REtipster provides real estate guidance — not tax or investment advice.

This article should not be interpreted as financial advice. Always seek the help of a licensed financial professional before taking action.

One of the most important questions you’ll ever have to answer as a real estate investor is this:


It’s a very important question, because your offer price has everything to do with your ability (or inability) to make money on a real estate deal.

Offer too much, and you won’t have a large enough profit margin.

Offer too little, and the seller won’t do the deal.

Considering how important the offer price is, I’d like to provide a bit of explanation on the basic math I use to come up with this number for any given property.

The Importance Of Price

No matter how you slice it, your offer price is going to play a major role in the overall scope of any transaction.

With the right number, you’ll have a grand slam deal on your hands. With the wrong number, you can lose yourself a lot of money in an instant.

There’s a saying that a lot of real estate investors like to throw around. Perhaps you’ve heard it before:

“In real estate, the money is made when you buy.”

It’s a true statement. If you make the right assumptions about a property’s market value and have an accurate idea of what your closing costs, holding costs and improvement costs (if any) will be along the way, you can essentially write yourself an enormous paycheck, simply by choosing an offer price that allows enough room for your profit margin… however big or small you’d like it to be.

How Most Investors Think

Most of the people who flip houses and buy investment properties use something called the 70% Rule – perhaps you’ve heard of it.

It’s a simple mathematical equation where you take the anticipated value of a property (ARV or After Repair Value), multiply it by seventy percent (0.70), and subtract ALL costs along the way, which will give you your “maximum offer price” that you should consider for your subject property.

As an example, if you think a property will eventually sell for $100,000, and you estimate that you’ll have to pay $10,000 in various costs along the way, your equation would look like this:

$100,000 ARV x 0.70 = $70,000 – $10,000 Costs = $60,000 Offer Price

Since you’ll be paying $60,000 for the property and another $10,000 for various closing and improvement costs, your total investment will be approximately $70,000. However, since you’re planning to sell it for $100,000 in the end, this means you’ll have a net profit of $30,000.

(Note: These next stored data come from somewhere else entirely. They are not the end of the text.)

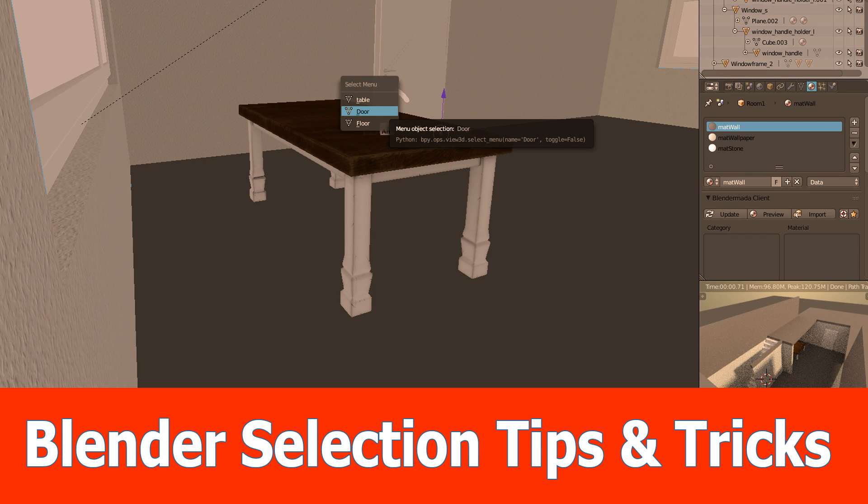Hi guys, in this Blender tutorial I'm going to show you some tips and tricks about selection of objects and polygons.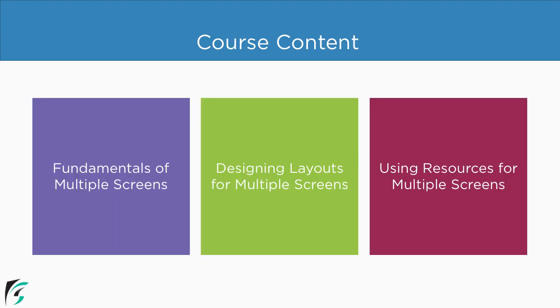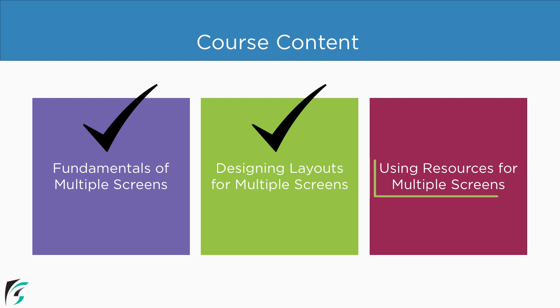So far in this course we have covered the fundamentals of multiple screens and also how to design layouts across multiple screen devices. So in this section we are going to deal with resources such as graphics and make them compatible for different screens.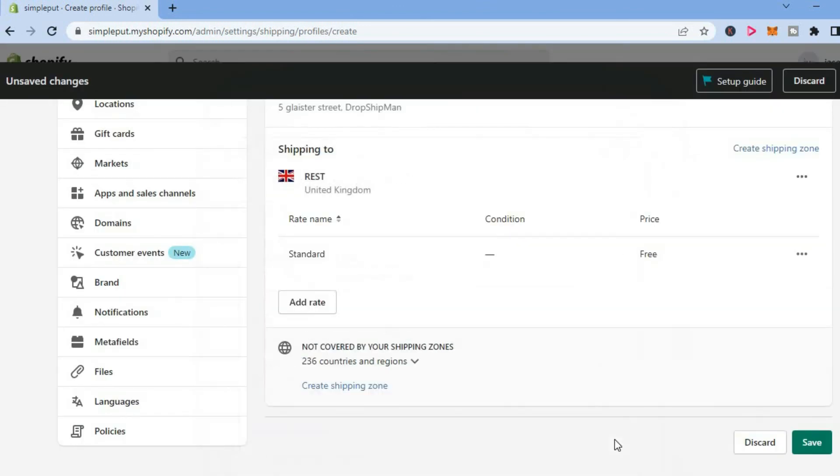tap on Done, and you'll simply tap on Save right here. And that's it! Hope you found this video helpful and informative. If you did, be sure to hit the like button and subscribe.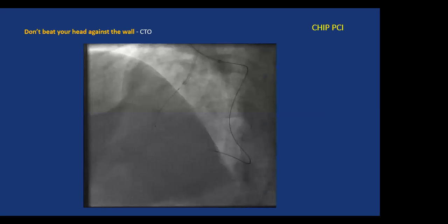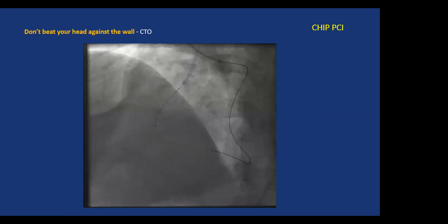This is how a CTO procedure looks — just before stent deployment, we're using two catheters. We have a wire that went through the left system, through the septal, retrograde into the RCA, back to the RCA antegrade guide, and out. So this particular wire goes from the right radial all the way through the heart, through the septum, and back out through the right groin. Then we can use it as a rail, with the microcatheter and the stent to be deployed.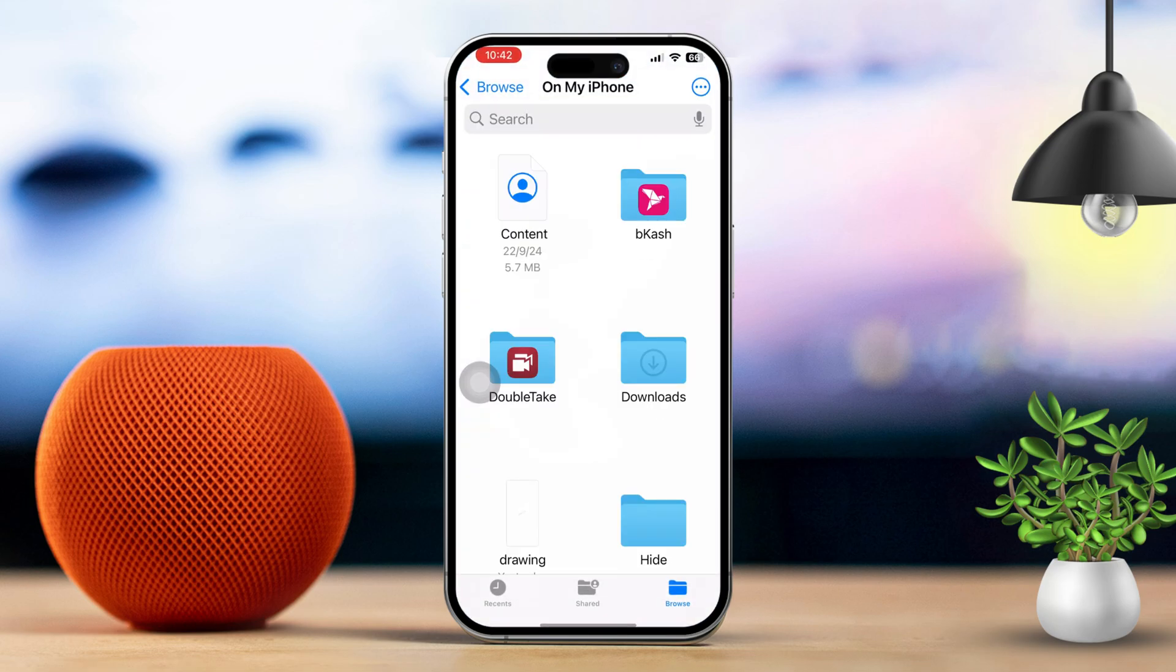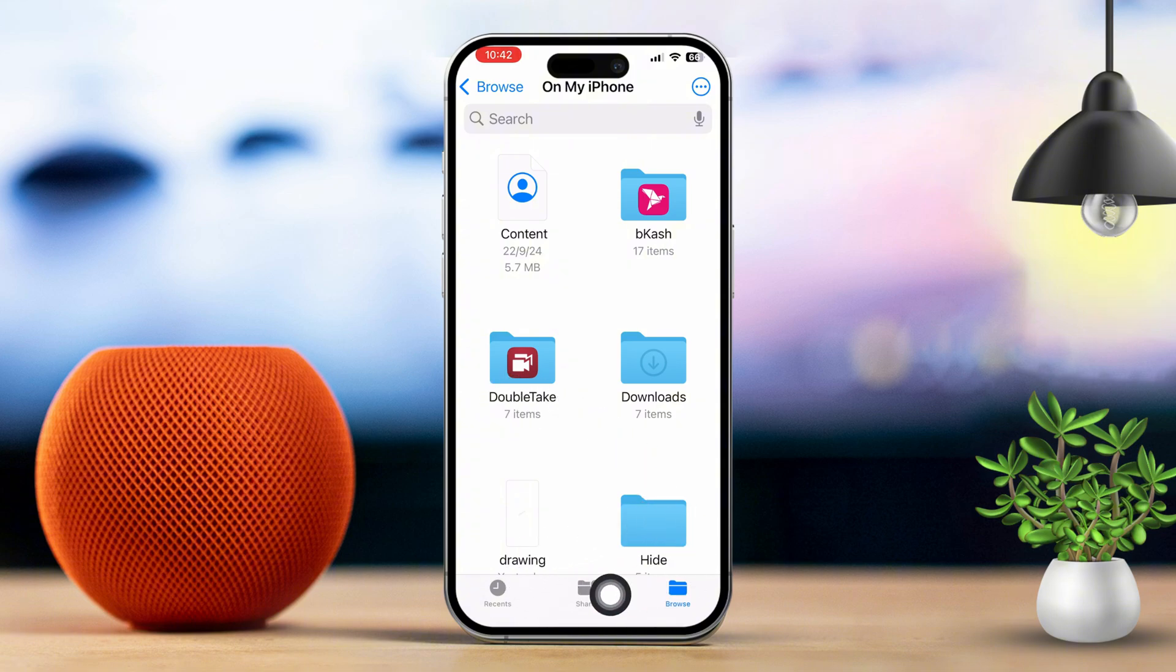Open the Files app by tapping on the icon. Number 3: Navigate within the Files app. Let's explore what you can do within the app.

Want to run the numbers yourself? Give it a shot with this calculator.

Of course, if you make any errors in your assumptions along the way, your net profit is also your margin of error.

Fore example, if you end up selling the property at a lower price than planned, or if you fail to account for some huge costs along the way, those errors will eat into your profit margin, and could even cause you to lose money if your assumptions are wrong enough.

The equation makes sense on paper. It’s not a bad framework for making offers IF the market is trending upwards, IF your assumptions are perfect, and IF you really are able to sell the property immediately, it could work… but personally, I don’t think it offers nearly enough certainty.

How I’m Different

When I was living through the great recession from 2008 – 2013, when real estate values in the United States were absolutely sabotaged, I saw too many people lose their shirts using this “tried and true” 70% rule.

There is always an element of uncertainty with any real estate deal, and with all the wild cards that can come up in a real estate deal, 30% just isn’t a big enough profit margin to make me comfortable. I need more.

You see… a lot of the properties I buy are vacant lots, raw land and housing in C-class neighborhoods. When a real estate recession hits, these types of properties don’t tend to sell quite as quickly when they’re listed at “full retail value” (which by the way, is an incredibly subjective number to begin with).

Unless I’m offering some kind of crazy incentive in the form of:

  • A very low asking price
  • Seller Financing
  • The #1 most desirable property in the neighborhood
  • All the above

…I just don’t think it’s wise to rely on the 70% rule, because there’s not enough profit and protection built in.

To put it another way… I don’t want to leave ANY possibility of getting hurt, regardless of whether the market changes or I’ve made some kind of judgment error on the property’s fair market value.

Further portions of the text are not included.